Given material:
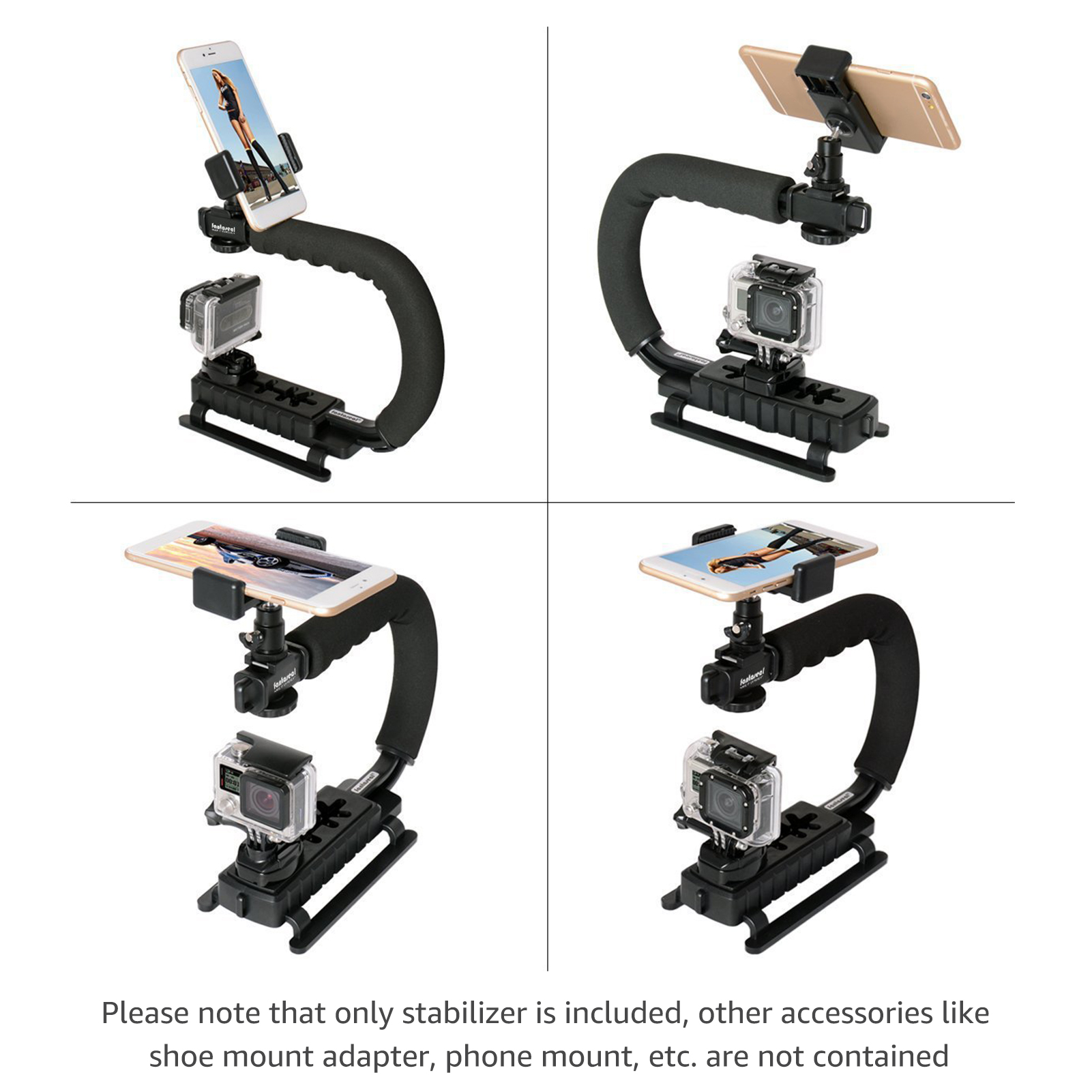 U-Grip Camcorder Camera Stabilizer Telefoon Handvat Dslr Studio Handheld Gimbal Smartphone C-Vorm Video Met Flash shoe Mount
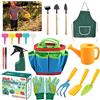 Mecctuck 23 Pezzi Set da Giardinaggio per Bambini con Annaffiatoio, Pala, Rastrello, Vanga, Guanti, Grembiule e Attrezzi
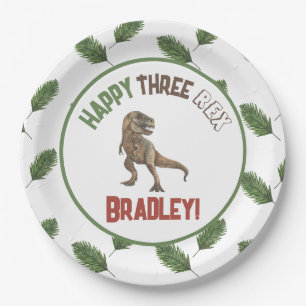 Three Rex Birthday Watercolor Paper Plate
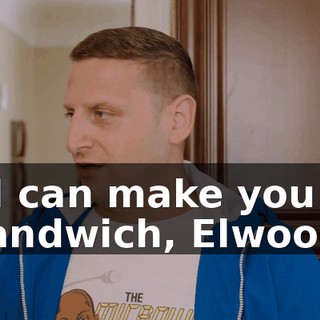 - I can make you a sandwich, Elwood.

Activity: Retype the whole listing exactly. Do not include the pictures.

Exercise result:
 U-Grip Camcorder Camera Stabilizer Telefoon Handvat Dslr Studio Handheld Gimbal Smartphone C-Vorm Video Met Flash shoe Mount
 Mecctuck 23 Pezzi Set da Giardinaggio per Bambini con Annaffiatoio, Pala, Rastrello, Vanga, Guanti, Grembiule e Attrezzi
 Three Rex Birthday Watercolor Paper Plate
 - I can make you a sandwich, Elwood.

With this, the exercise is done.